Substance Use Disorders (SUD) impact the lives of millions of Americans in the general population, including individuals that are enrolled in the Medicaid program. Nearly 12 percent of Medicaid beneficiaries over 18 have a SUD, and CMCS is committed to helping States effectively serve individuals with SUDs. On average, 105 people die every day as result of a drug overdose. Additionally, 6,748 individuals across the country seek treatment every day in the emergency department for misuse or abuse of drugs. In 2010, drug overdose was the leading cause of injury death and caused more deaths than motor vehicle accidents among individuals 25-64 years old. The monetary costs and associated collateral impact to society due to SUDs are very high. In 2009, health insurance payers spent $24 billion for treating SUDs. Of the $24 billion, Medicaid accounted for 21 percent of the spending. The evidence is strong that treatment in managing SUDs provides substantial cost savings. For instance:
- Persons with untreated alcohol use disorders use twice as much health care and cost twice as much as those with treated alcohol use disorders; and medications treating substance use disorder in pregnant women resulted in significantly shorter hospital stays than drug-addicted pregnant women not receiving MAT (10.0 days vs. 17.5 days).

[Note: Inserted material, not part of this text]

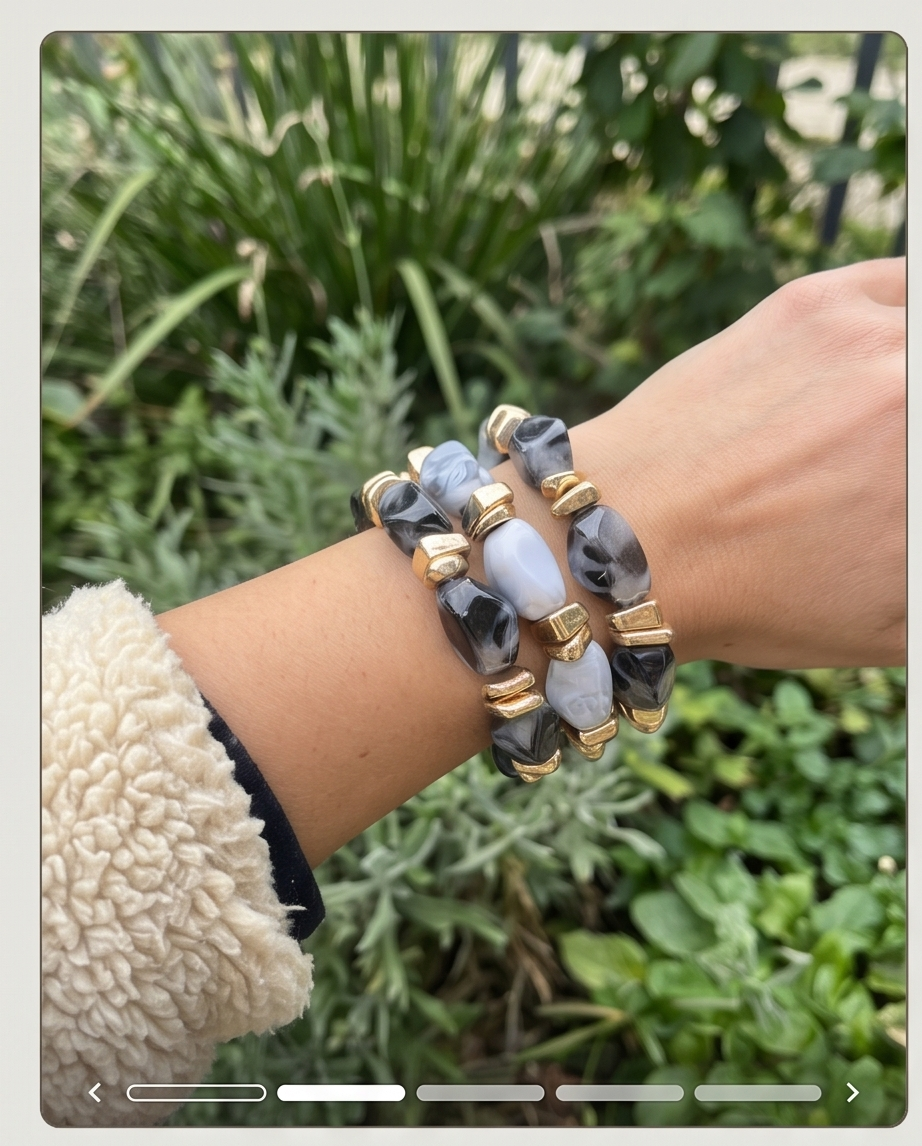 Pulseras Roberta (3 pulseras)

- For inpatients with alcohol dependence, MAT was associated with fewer inpatient admissions. Total healthcare costs were 30 percent less for individuals receiving MAT than for individuals who not receiving MAT.
- Medical costs decreased by 30 percent on average between the year prior to MAT and the third year following treatment, and these cost trends reflect a decline in expenditures in all types of health care settings including hospitals, emergency departments, and outpatient centers.
- Methadone treatment has been found to generate $4 to $5 in returns on healthcare expenditures for every $1 invested.
- Early intervention in the cycle of addiction for younger individuals with substance use disorders can bring costs down as they have lower pre-treatment costs than older adults with substance use disorders.